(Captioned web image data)
#####

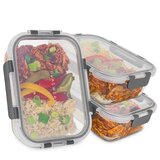 Klarstein Glaswerk Jardine, posoda za živila, set 3 kosov, 1 predal, 1040 ml, borosilikatno steklo, pokrov | Shoptok.si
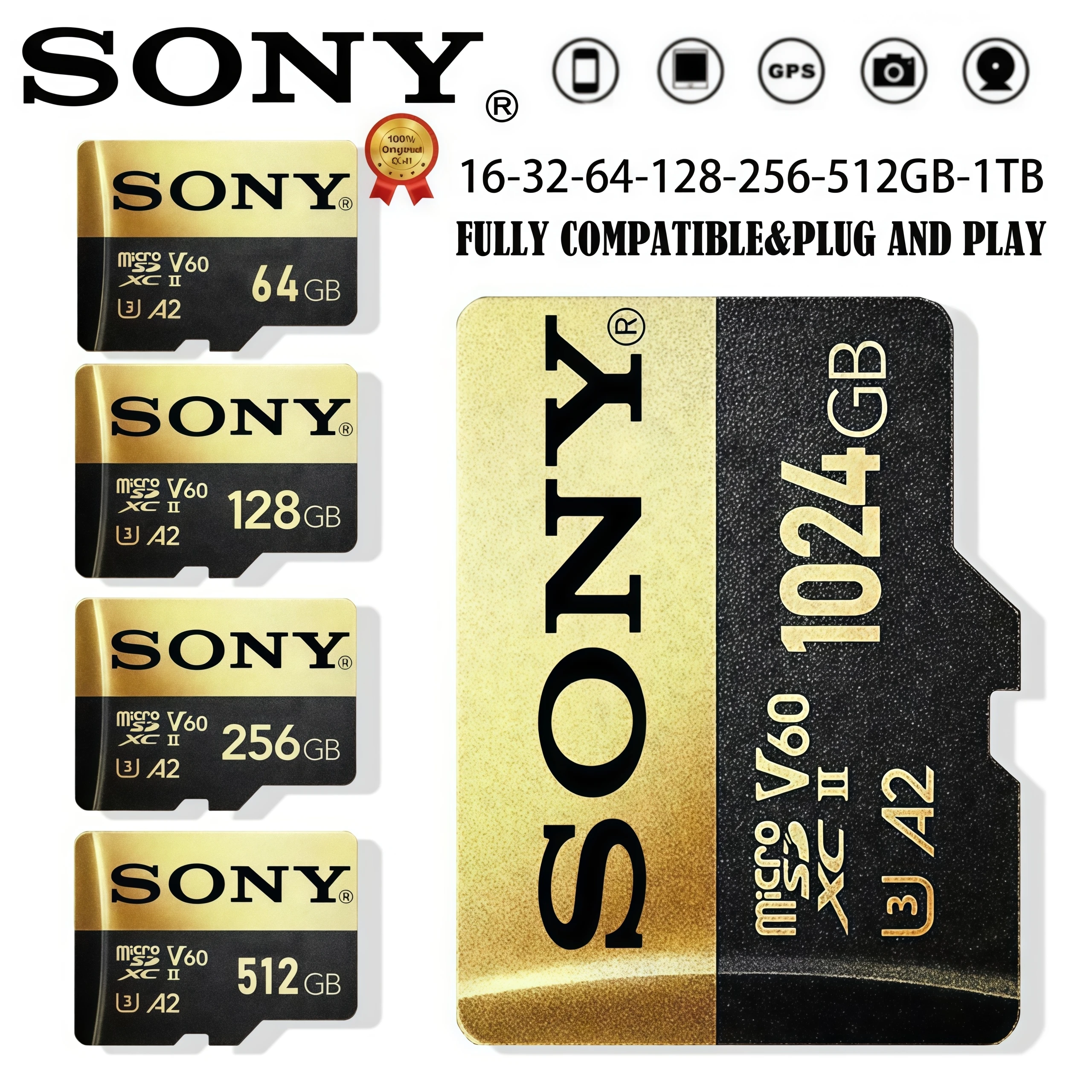 Carte mémoire SONY U3 A2 Micro TF SD 64G 128G 256G 512G 1TB U3 V30 4K Full HD TF pour téléphone/ordinateur/drone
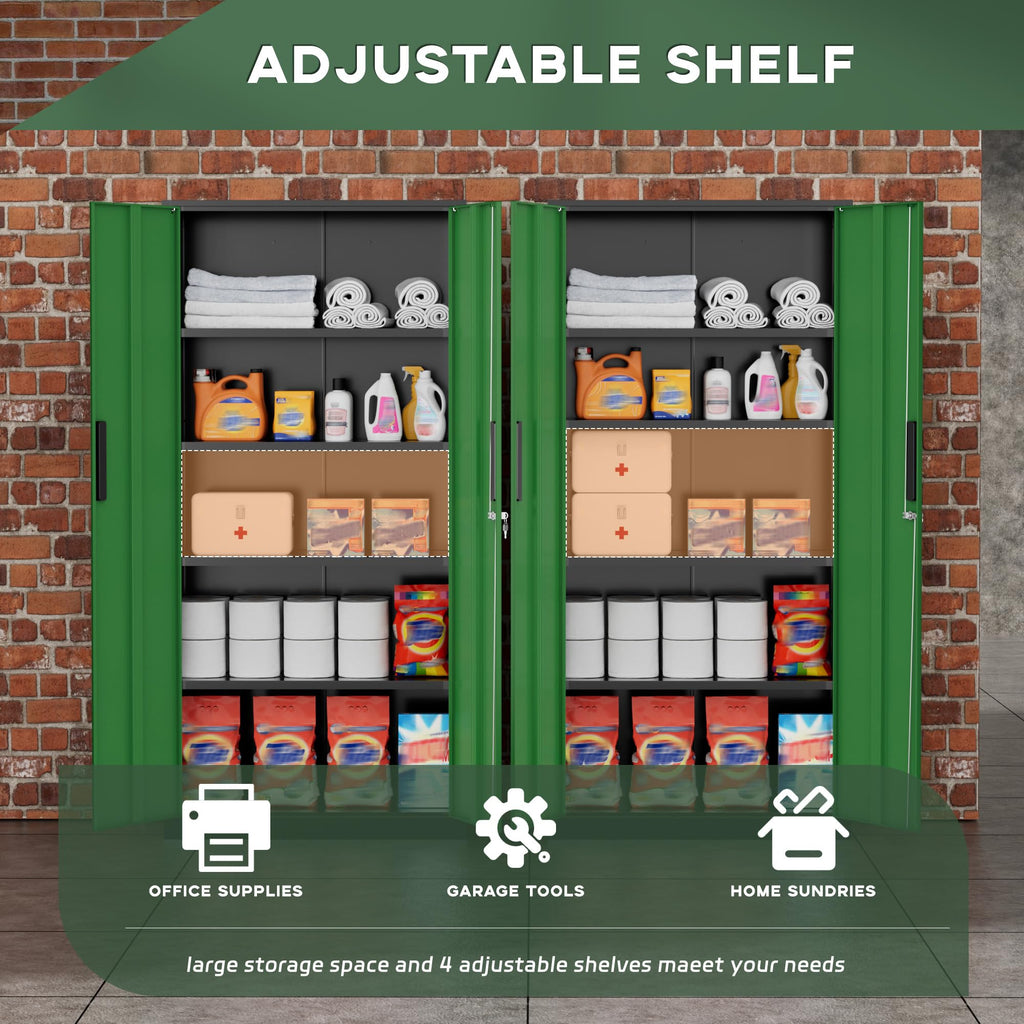 Greenvelly Metal Storage Cabinet, 36" Locking Storage Cabinet with Doors and Shelves, Lockable Storage Cabinets for Home Office, Utility Locker Cabinet, Steel Garage Cabinet with 2 Keys, Black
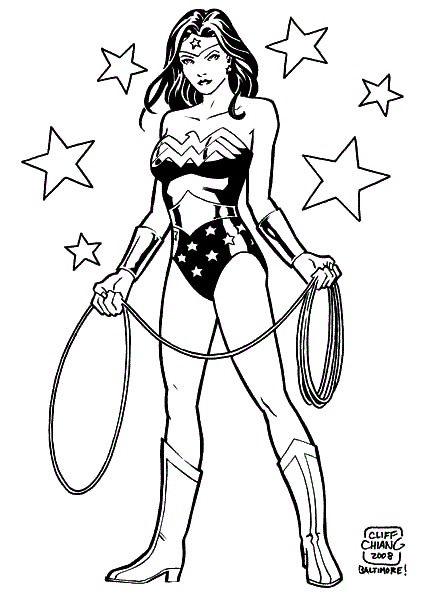 Coloriage Wonder Woman Est Prête Dc Comics - Wonder woman à imprimer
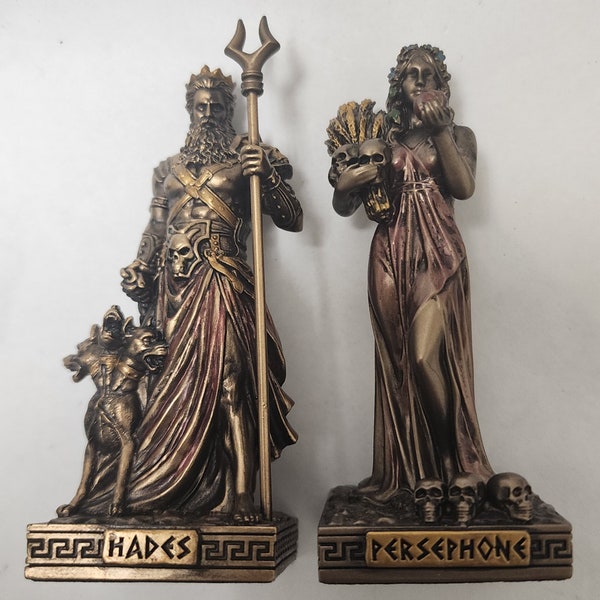 Bronze Finish Persephone Queen of the Underworld and Hades Set of 2 Mini Statue Hand Painted 3 1/2"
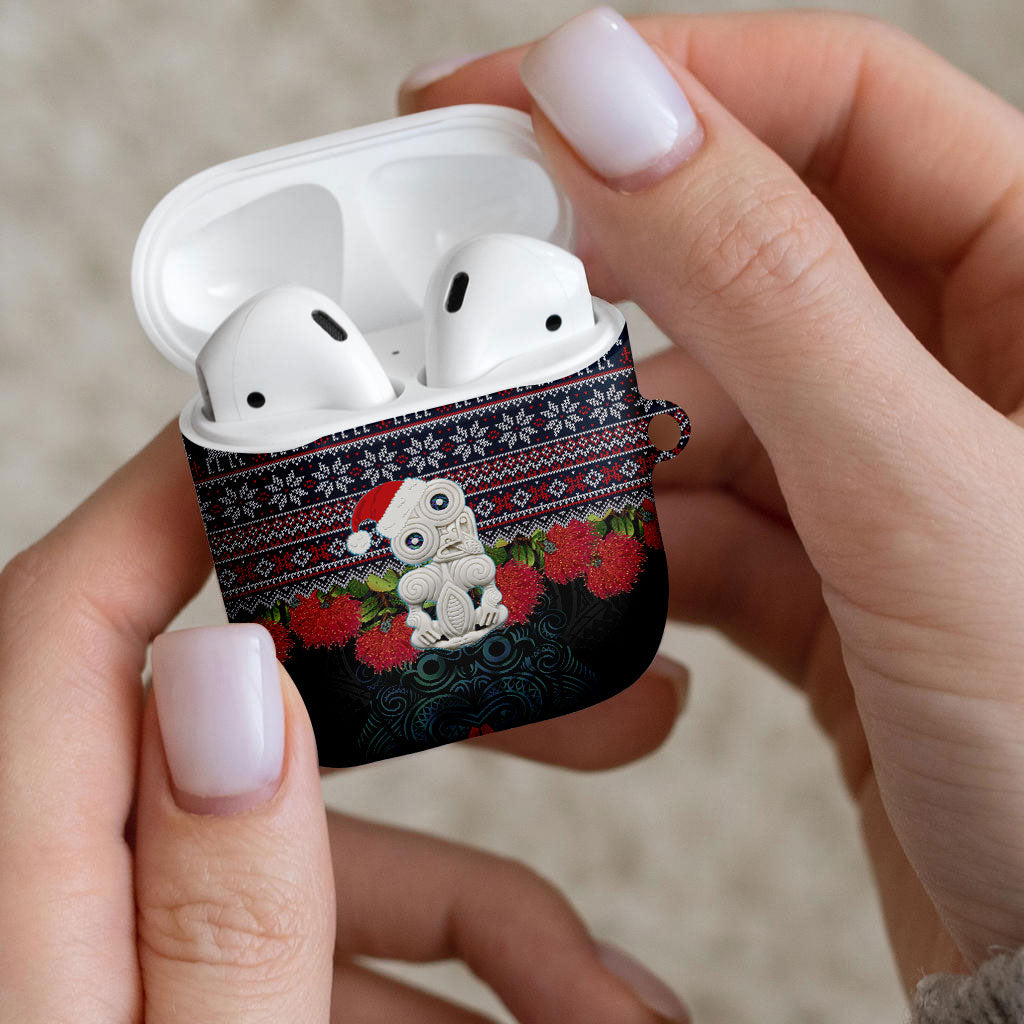 New Zealand Hei Tiki Christmas In July AirPods Case Pohutukawa Santa Xmas Polynesian Pattern LT22 - Polynesian Pride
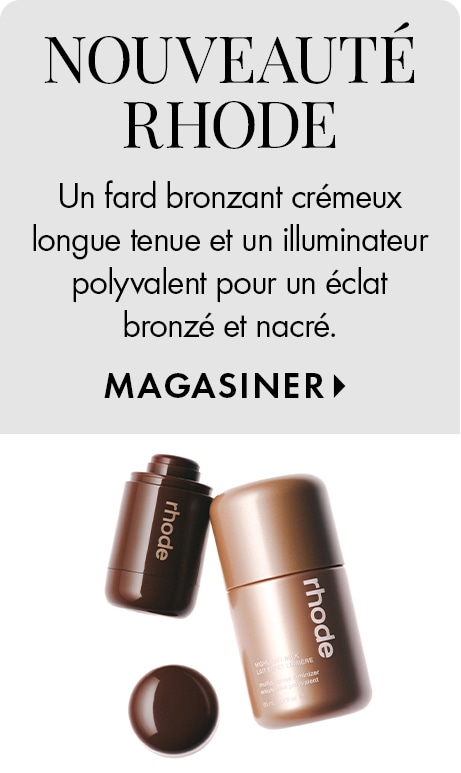 Fond gris pâle avec le texte « Nouveautés rhode » et « Un fard bronzant crémeux longue tenue et un illuminateur polyvalent pour un éclat bronzé et nacré », plus « Magasiner ». Deux fards bronzants en bâton rhode et un échantillon sont illustrés ci-dessous.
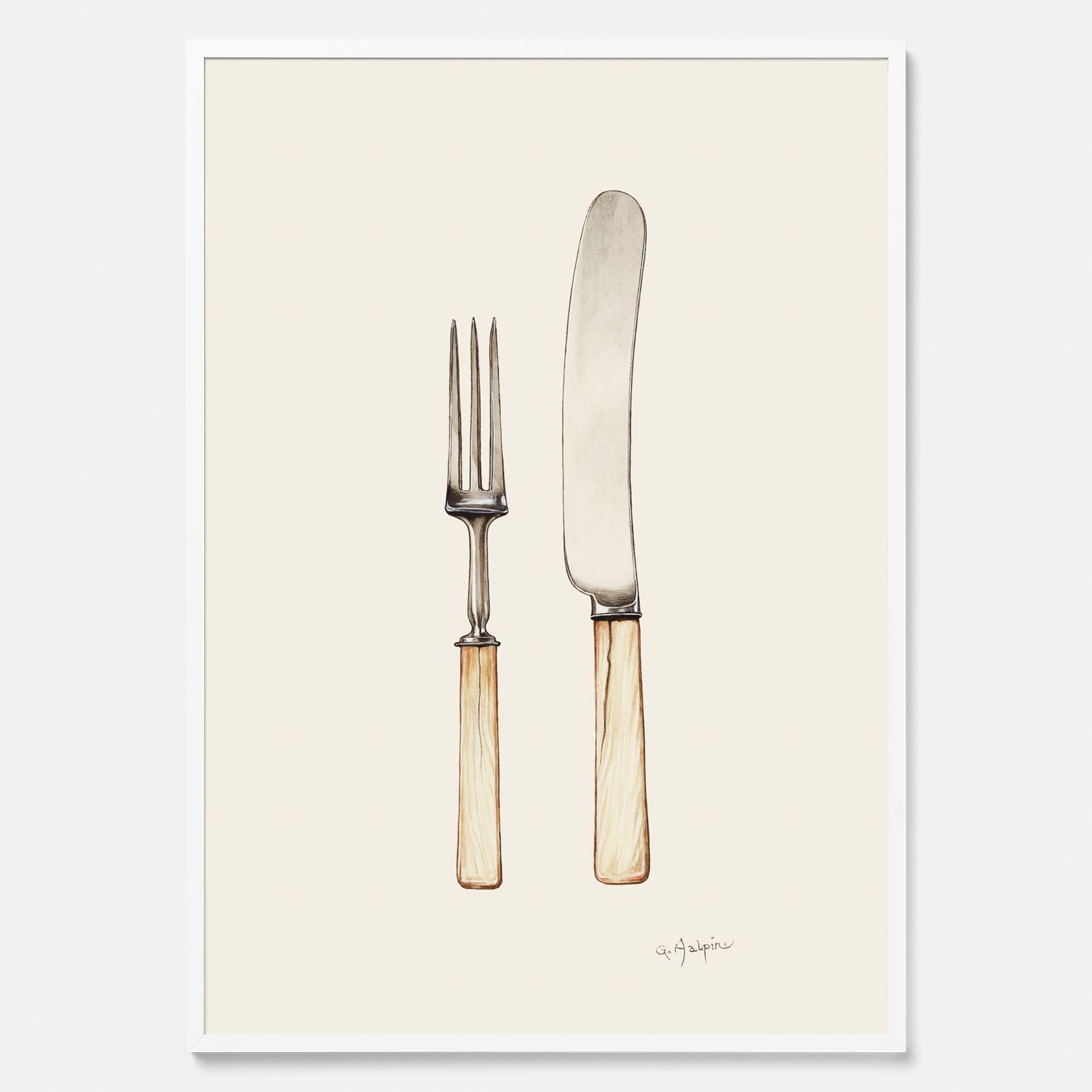 Kökstavla med Kniv &amp; Gaffel poster  – Köksposter, tavla till kök med bestick, kökstavla, poster till kök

#####

Your objective:
Write out each entry exactly, images excluded.

Task solution:
 Klarstein Glaswerk Jardine, posoda za živila, set 3 kosov, 1 predal, 1040 ml, borosilikatno steklo, pokrov | Shoptok.si
 Carte mémoire SONY U3 A2 Micro TF SD 64G 128G 256G 512G 1TB U3 V30 4K Full HD TF pour téléphone/ordinateur/drone
 Greenvelly Metal Storage Cabinet, 36" Locking Storage Cabinet with Doors and Shelves, Lockable Storage Cabinets for Home Office, Utility Locker Cabinet, Steel Garage Cabinet with 2 Keys, Black
 Coloriage Wonder Woman Est Prête Dc Comics - Wonder woman à imprimer
 Bronze Finish Persephone Queen of the Underworld and Hades Set of 2 Mini Statue Hand Painted 3 1/2"
 New Zealand Hei Tiki Christmas In July AirPods Case Pohutukawa Santa Xmas Polynesian Pattern LT22 - Polynesian Pride
 Fond gris pâle avec le texte « Nouveautés rhode » et « Un fard bronzant crémeux longue tenue et un illuminateur polyvalent pour un éclat bronzé et nacré », plus « Magasiner ». Deux fards bronzants en bâton rhode et un échantillon sont illustrés ci-dessous.
 Kökstavla med Kniv &amp; Gaffel poster  – Köksposter, tavla till kök med bestick, kökstavla, poster till kök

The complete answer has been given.